Caption-style text data:
□ □ □ □ □
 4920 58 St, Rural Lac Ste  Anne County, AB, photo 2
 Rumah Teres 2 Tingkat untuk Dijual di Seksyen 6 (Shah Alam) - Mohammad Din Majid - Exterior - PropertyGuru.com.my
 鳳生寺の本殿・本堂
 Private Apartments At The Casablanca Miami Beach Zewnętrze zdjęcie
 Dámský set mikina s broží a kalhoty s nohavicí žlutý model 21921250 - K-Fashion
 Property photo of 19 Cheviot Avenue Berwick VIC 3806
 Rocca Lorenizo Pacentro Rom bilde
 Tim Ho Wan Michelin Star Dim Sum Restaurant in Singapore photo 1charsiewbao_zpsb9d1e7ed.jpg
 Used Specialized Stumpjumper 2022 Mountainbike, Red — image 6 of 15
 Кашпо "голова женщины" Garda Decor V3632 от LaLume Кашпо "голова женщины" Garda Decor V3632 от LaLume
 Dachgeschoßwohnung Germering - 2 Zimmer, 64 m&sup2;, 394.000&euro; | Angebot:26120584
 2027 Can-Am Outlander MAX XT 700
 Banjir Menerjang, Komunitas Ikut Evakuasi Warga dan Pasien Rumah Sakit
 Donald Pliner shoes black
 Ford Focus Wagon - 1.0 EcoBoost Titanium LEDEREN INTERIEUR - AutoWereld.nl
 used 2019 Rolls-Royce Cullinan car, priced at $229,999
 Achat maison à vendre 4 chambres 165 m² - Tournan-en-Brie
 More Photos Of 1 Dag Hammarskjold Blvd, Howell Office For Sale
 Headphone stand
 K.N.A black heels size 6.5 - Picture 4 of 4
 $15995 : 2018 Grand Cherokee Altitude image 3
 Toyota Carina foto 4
□ □ □ □ □
Your answer must be the lines from the one with "Achat maison à" through the last line of the data, repeated exactly and with nothing else.

● Solution below:
 Achat maison à vendre 4 chambres 165 m² - Tournan-en-Brie
 More Photos Of 1 Dag Hammarskjold Blvd, Howell Office For Sale
 Headphone stand
 K.N.A black heels size 6.5 - Picture 4 of 4
 $15995 : 2018 Grand Cherokee Altitude image 3
 Toyota Carina foto 4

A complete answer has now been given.